# [PROBLEM TO WORK ON]
Do not repeat pictures. Repeat exactly the lines of the listing below from its first line through the line with "[Feifei] G-cup สาวโรงเรียนเต้านมใหญ่น้ำผึ้งหีผีเสื้อหีหมกมุ่น".

# [GIVEN RECORDS]

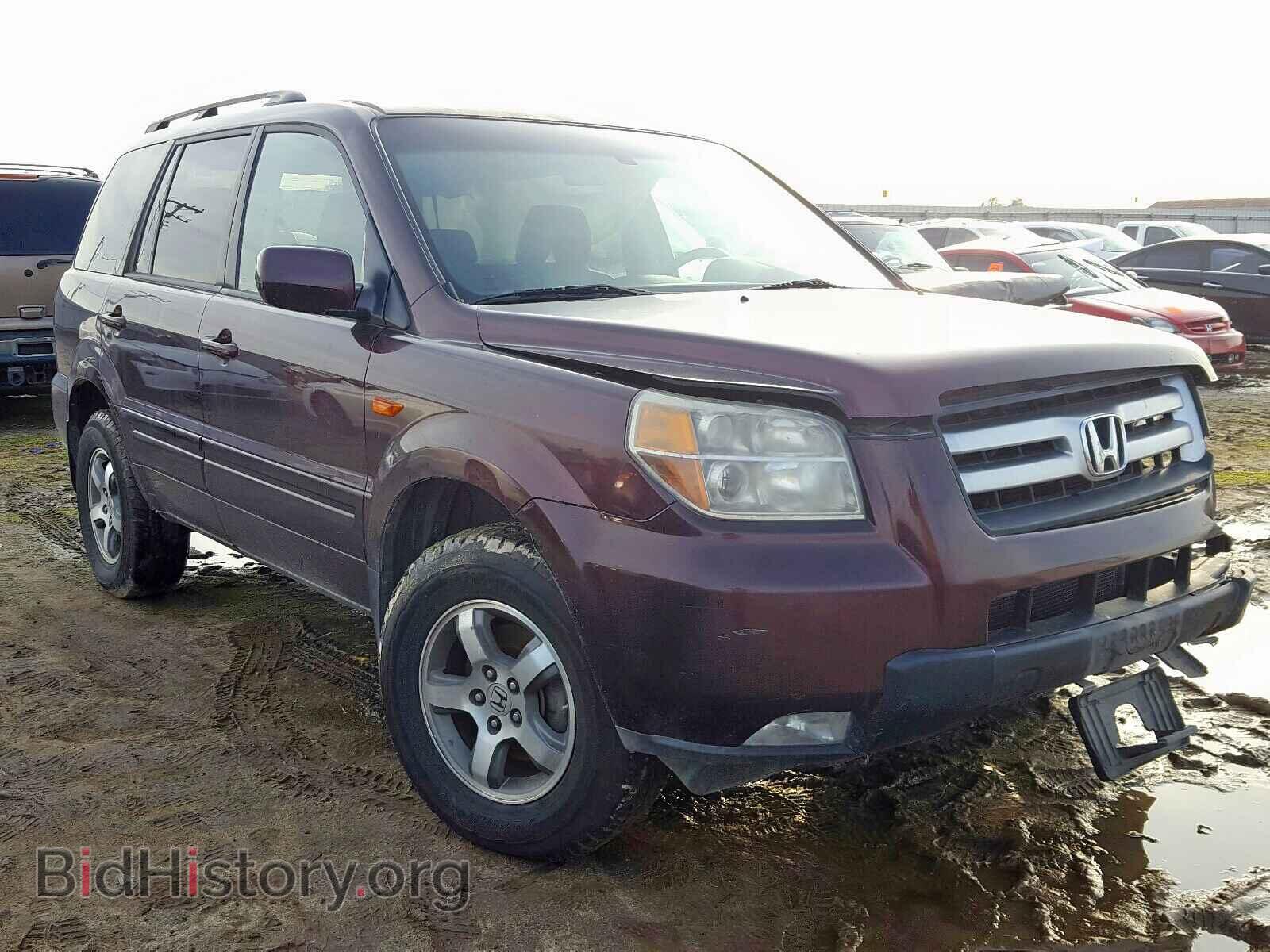 Фотография 5FNYF18598B019330 - HONDA PILOT 2008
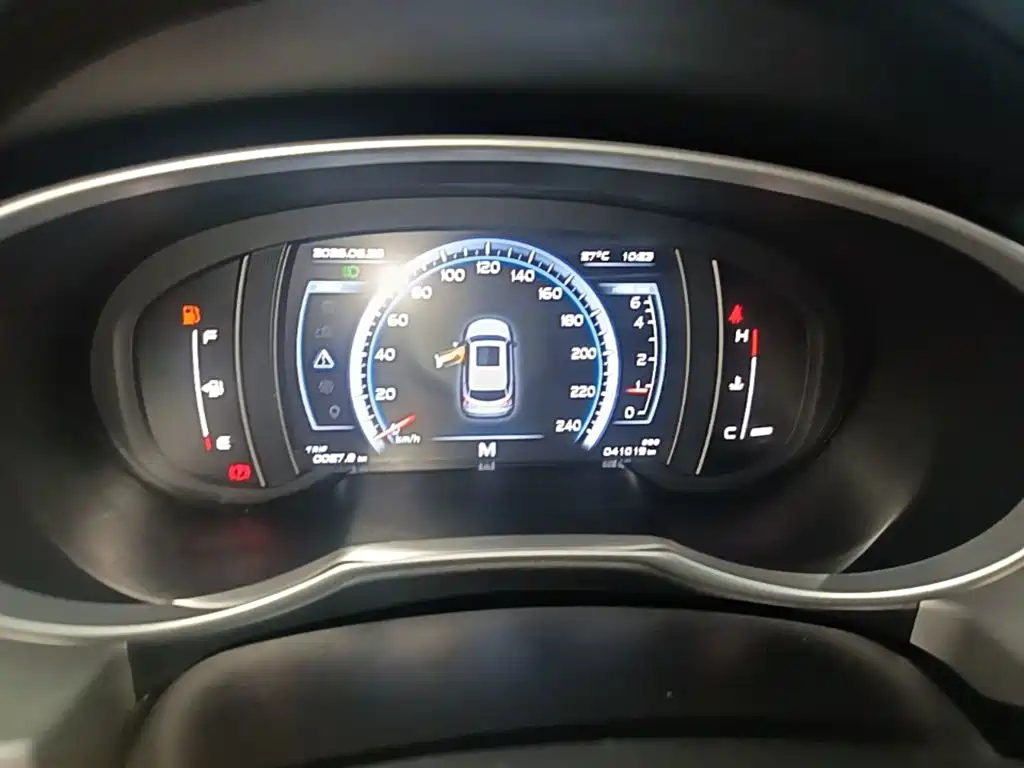 Geely Boyue — миниатюра 12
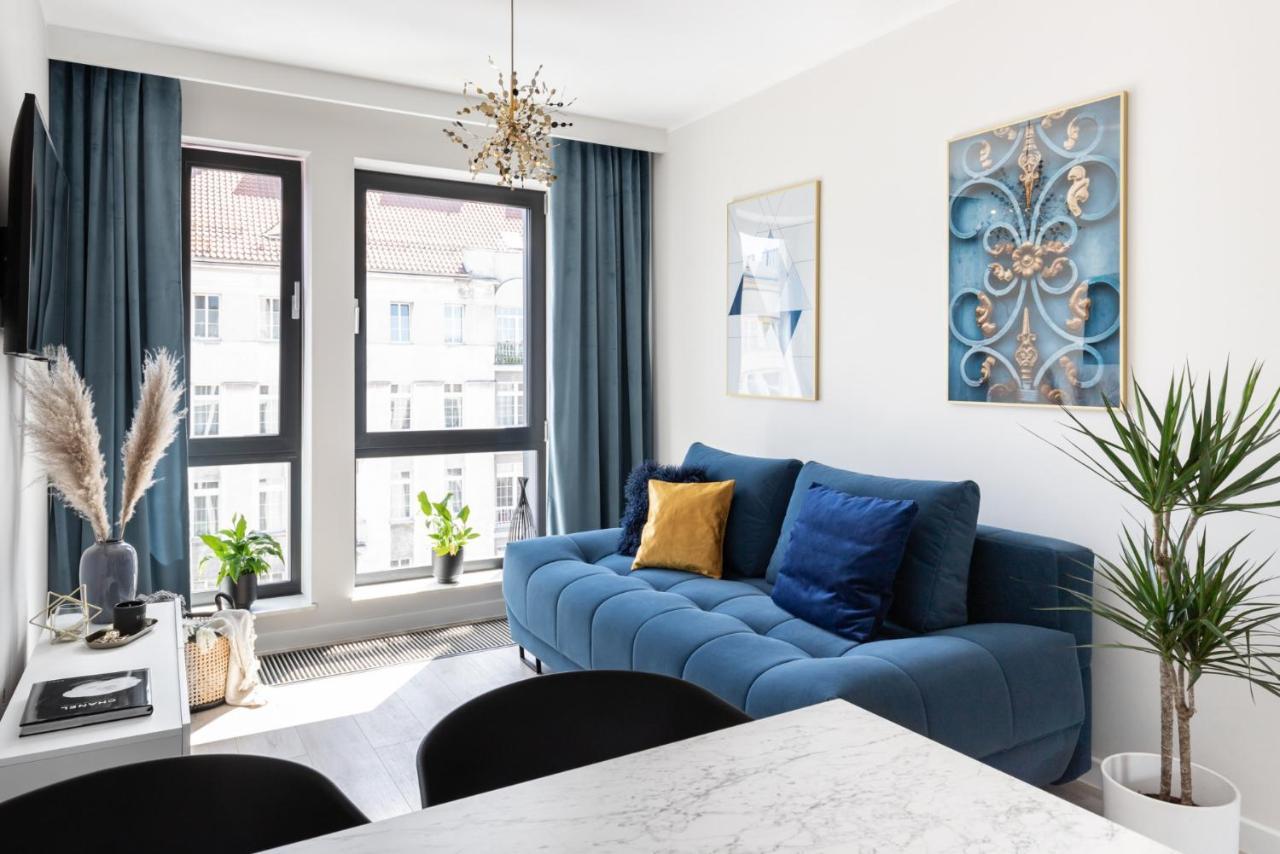 Elegancki Apartament W Sercu Gdyni. กดิเนีย ภายนอก รูปภาพ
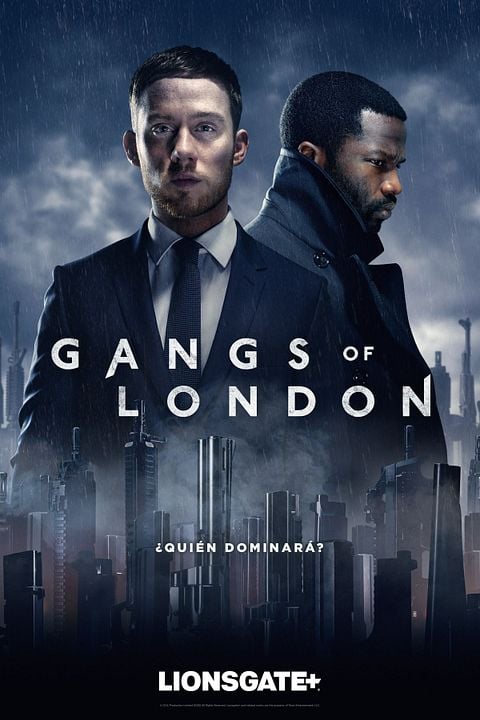 Gangs of London : Póster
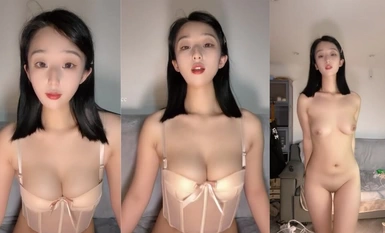 [Feifei] G-cup สาวโรงเรียนเต้านมใหญ่น้ำผึ้งหีผีเสื้อหีหมกมุ่น (5)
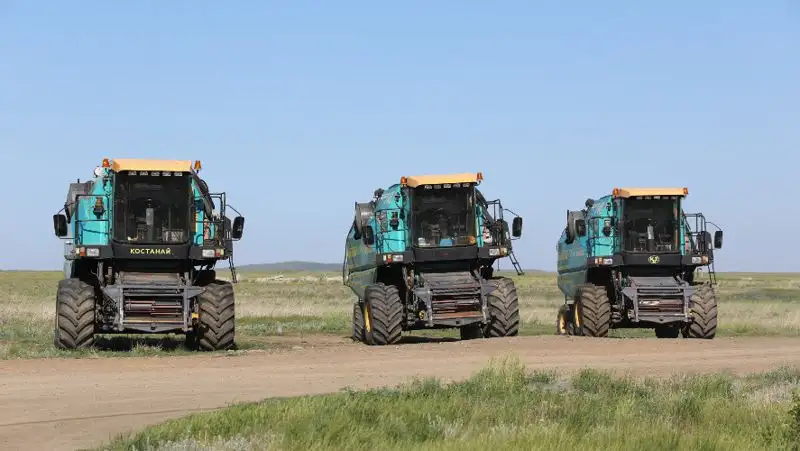 В Костанайской области будут утилизировать и перерабатывать сельхозтехнику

# [EXERCISE SOLUTION]
 Фотография 5FNYF18598B019330 - HONDA PILOT 2008
 Geely Boyue — миниатюра 12
 Elegancki Apartament W Sercu Gdyni. กดิเนีย ภายนอก รูปภาพ
 Gangs of London : Póster
 [Feifei] G-cup สาวโรงเรียนเต้านมใหญ่น้ำผึ้งหีผีเสื้อหีหมกมุ่น (5)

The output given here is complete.